Canadian feminist disability rights organization

DAWN Canada/Réseau d'action des femmes handicapées du Canada is a Canadian national feminist network controlled by and composed of people who self-identify as women with disabilities. The network also supports local and provincial chapters. DAWN is a member organization of the National Action Committee on the Status of Women, Canada's largest feminist organization.

==History==
The organization began on June 20–23, 1985, at a meeting of seventeen women from across Canada who came together to discuss issues of interest to women with various disabilities, including Maria Barile. The main purpose of this initial meeting was to plan a larger national gathering of disabled women who would then develop the organization's strategies and goals.

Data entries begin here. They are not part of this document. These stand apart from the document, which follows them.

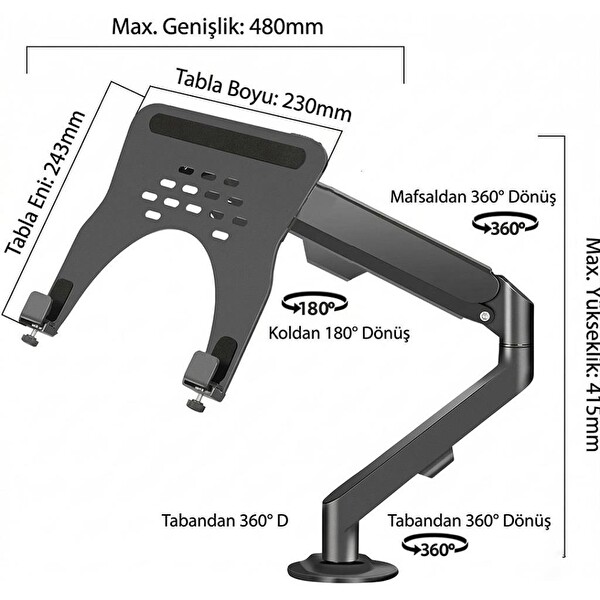 Powermaster PM-27096 Hareketli Amortisörlü Notebook Masa Standı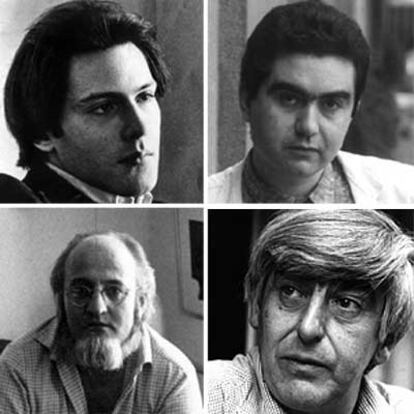 Javier Marías, Antonio Muñoz Molina, Álvaro Pombo y Juan Benet, en los ochenta.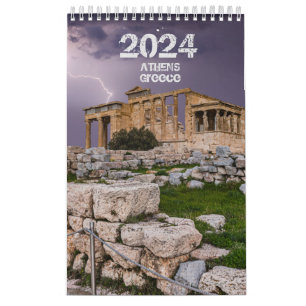 2024年のカレンダー写真とギリシャのアテネ カレンダー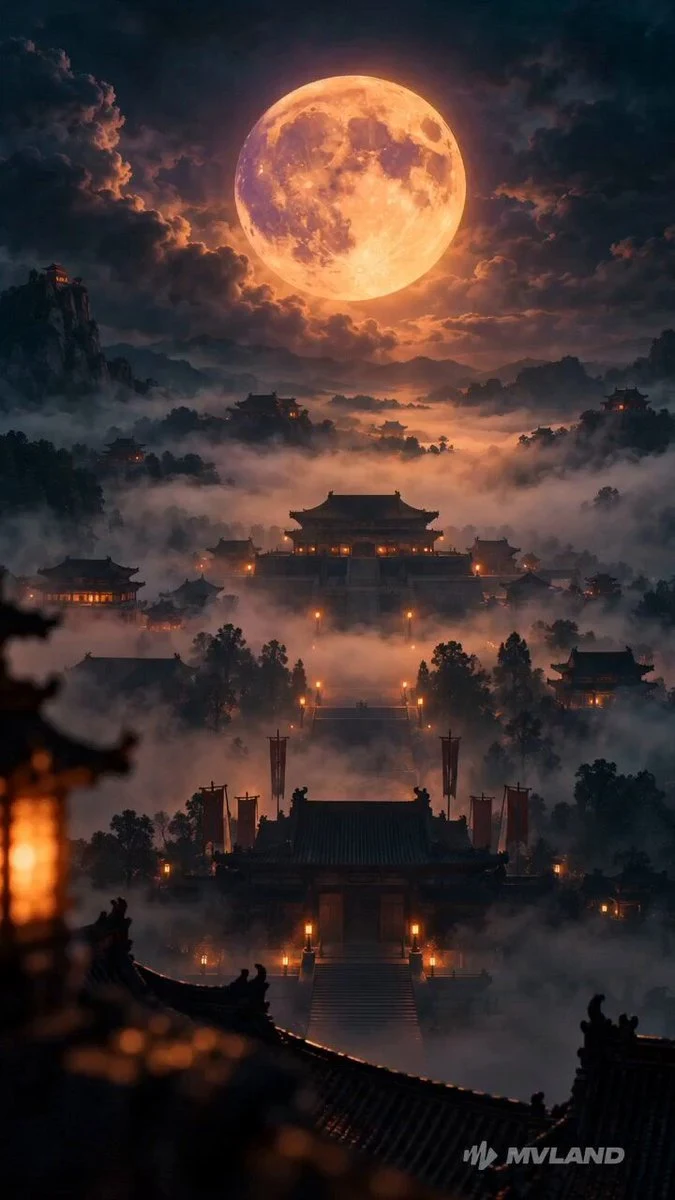 Full moon over misty rooftops, the opening of the Midnight Witch AI Halloween music video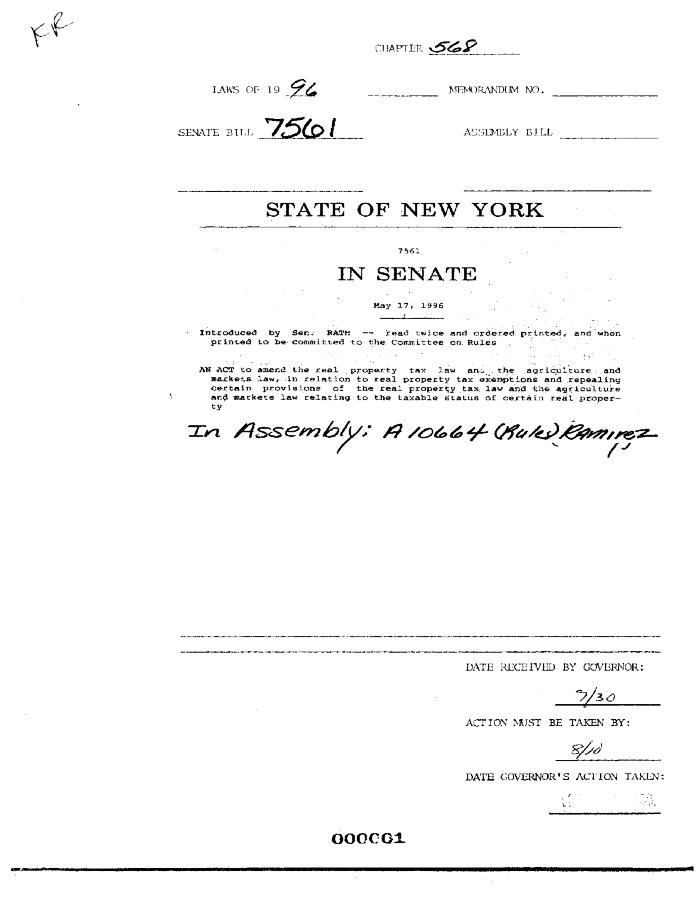 NYS Bill and Veto Jackets: 1996, Chapter 568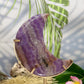 Amethyst with Mexican Lace Agate Purple Moon Crescent with Stand Healing Crystal 220g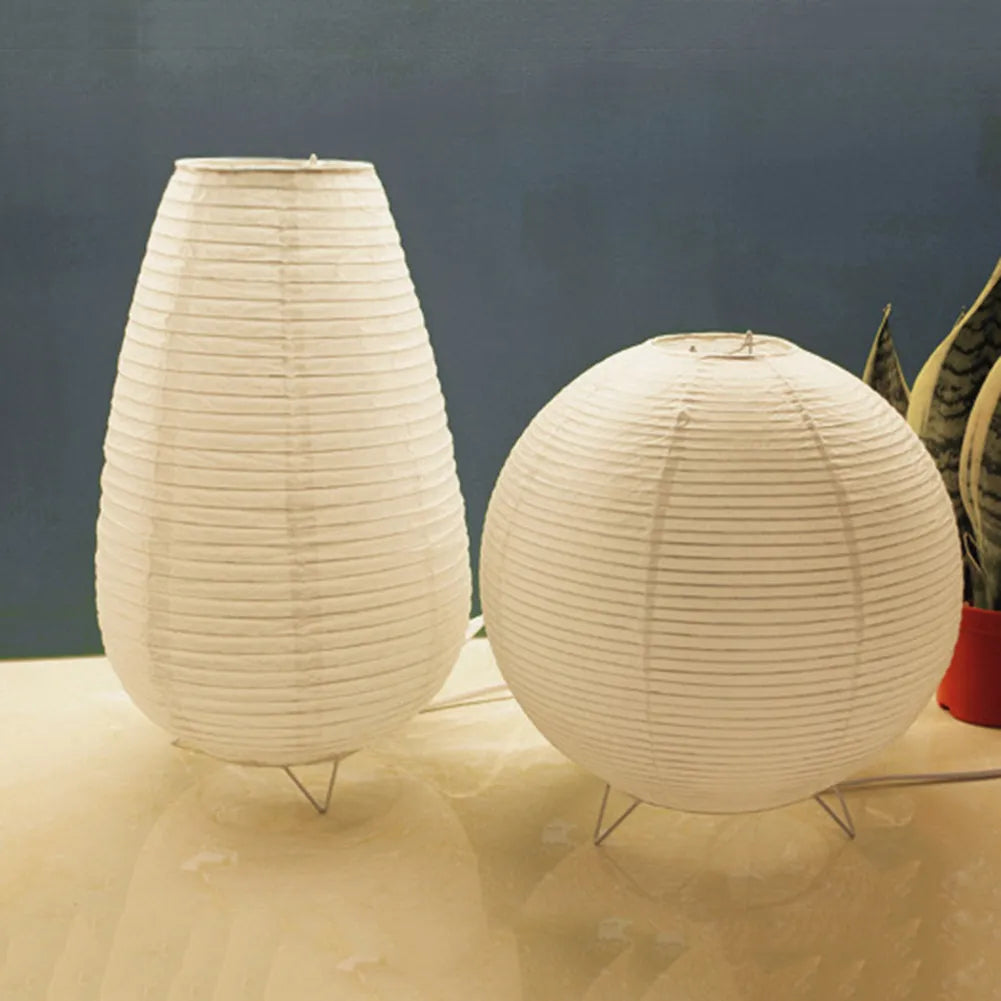 Lampe Cylindrique en Papier de Riz Style Japonais – Élégance Minimaliste Inspirée du Wabi-Sabi
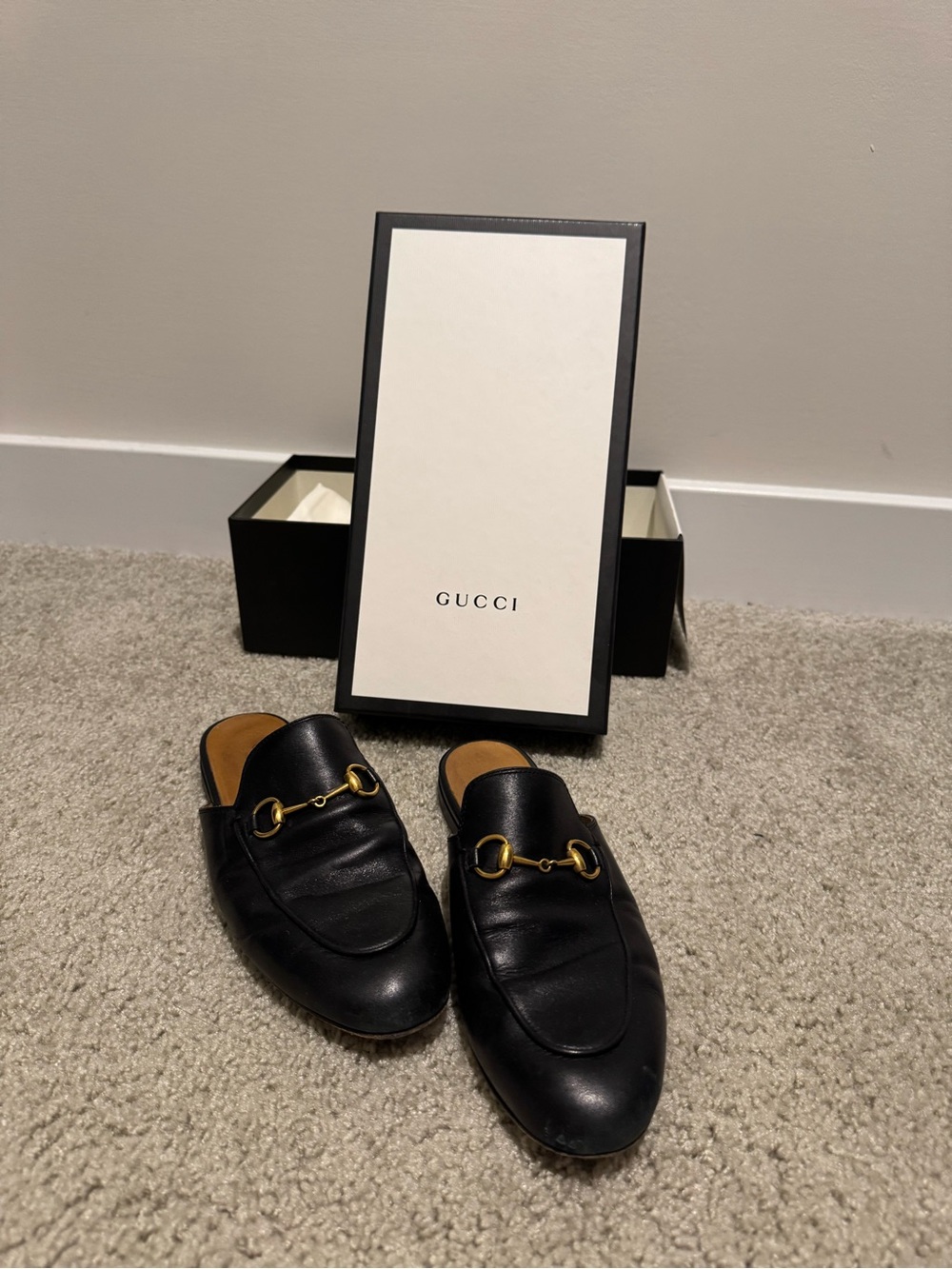 Gucci Black Leather Princetown Mules - Picture 5 of 8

Early groups formed in Prince Edward Island, Toronto, Halifax, British Columbia, and Montreal and in Winnipeg, that city's existing group for women with disabilities, the Consulting Committee on the Status of Women with Disabilities also joined the network.

==Mission==
DAWN Canada's mission is "to end the poverty, isolation, discrimination and violence experienced by women with disabilities, and to fight for women with disabilities to have freedom of choice in all aspects of their lives."